The majority of these empires developed from one of the following types of political systems: (a) from patrimonial empires such as the Egyptian and the Sassanid empires; (b) from dualistic nomad-sedentary empires, necessarily sharing many characteristics in common with the patrimonial type; (c) from feudal systems, as did the European absolutist states; and (d) from city-states,’as did the Roman and Hellenistic empires.
Despite the great variety of historical and cultural settings, some common features in the first stages of the establishment of such polities may be found. The initiative for the establishment of these polities came, in all cases, from the rulers—emperors, kings, or some members of a patrician ruling elite (like the more active and dynamic element of the patrician ruling elite in republican Rome). In most cases these rulers either came from established patrician, patrimonial, tribal, or feudal families, or they were usurpers, coming from lower-class families, who attempted to establish new dynasties or to conquer new territories.

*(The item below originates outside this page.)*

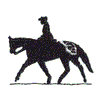 ENGLISH RIDER ON APPALOOSA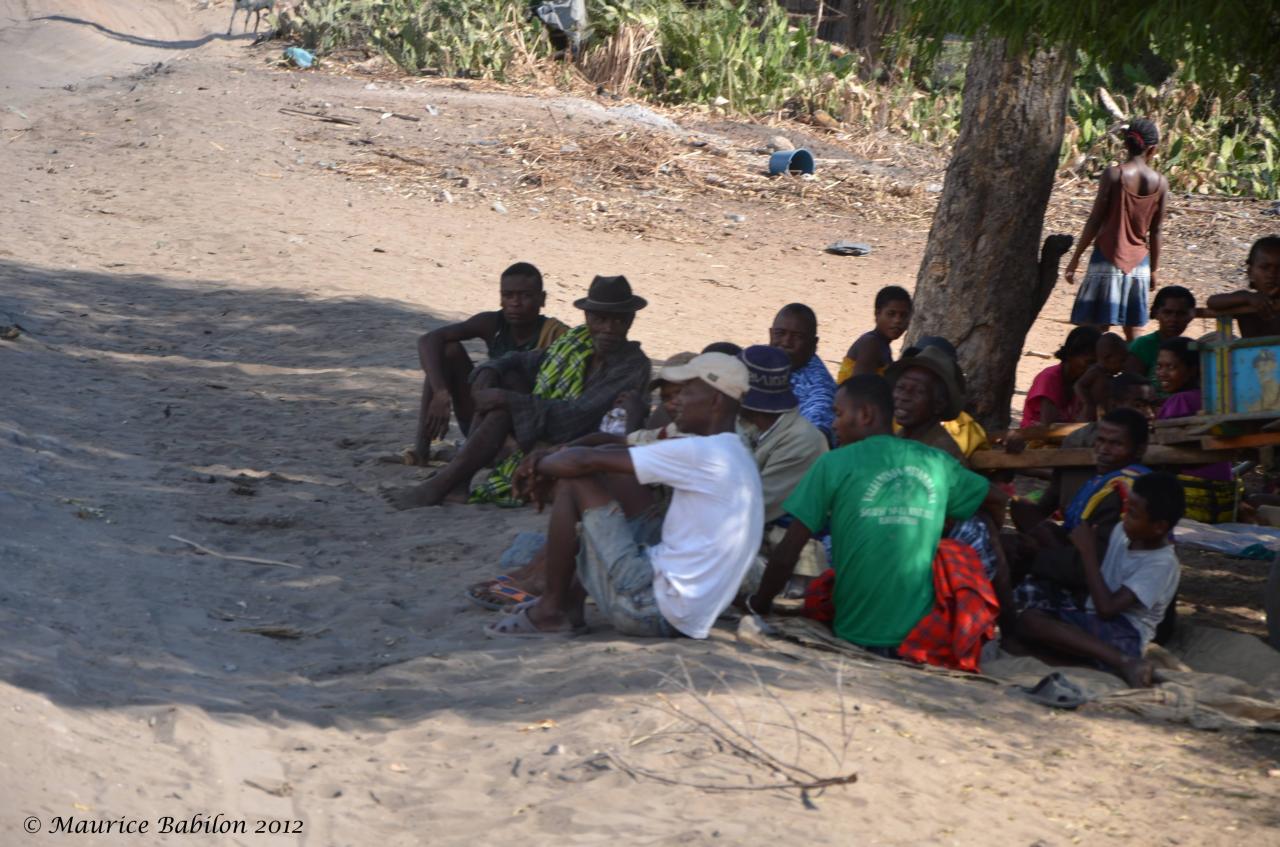 Réserve de Reniala dans le Sud Est de Madagascar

In some cases they were conquerors who attempted to establish their rule over various territories.
In most cases such rulers arose in periods of unrest, turmoil, acute strife, or dismemberment of the existing political system. Usually their aim was the re-establishment of peace and order. They did not, however, attempt to restore the old order in its entirety, although for propagandist and opportunistic reasons they sometimes upheld such restoration as a political ideology or slogan. They always had some vision of the distinctly political goals of a unified polity. They aimed to establish a more centralized, unified polity in which they could monopolize political decision making and the setting of political goals, without being bound by various traditional aristocratic, tribal, or patrician groups. Even when they were conquerors, as in the case of the Roman, Islamic, and Spanish American empires, they also had some such vision and attempted to transmit it to at least part of the conquered population.
Of crucial importance in shaping the activities of these rulers was the geopolitical situation of the polity that they tried to organize—as, for instance, the specific geopolitical situation of Byzantium at the crossroads of Europe and Asia or the vast hydraulic arrangement of China and its special relation with the steppe frontiers. These geopolitical factors indicated, in a sense, the nature of the specific international system to which these empires had to respond, as well as the range of problems to which the rulers were willing and able to address themselves.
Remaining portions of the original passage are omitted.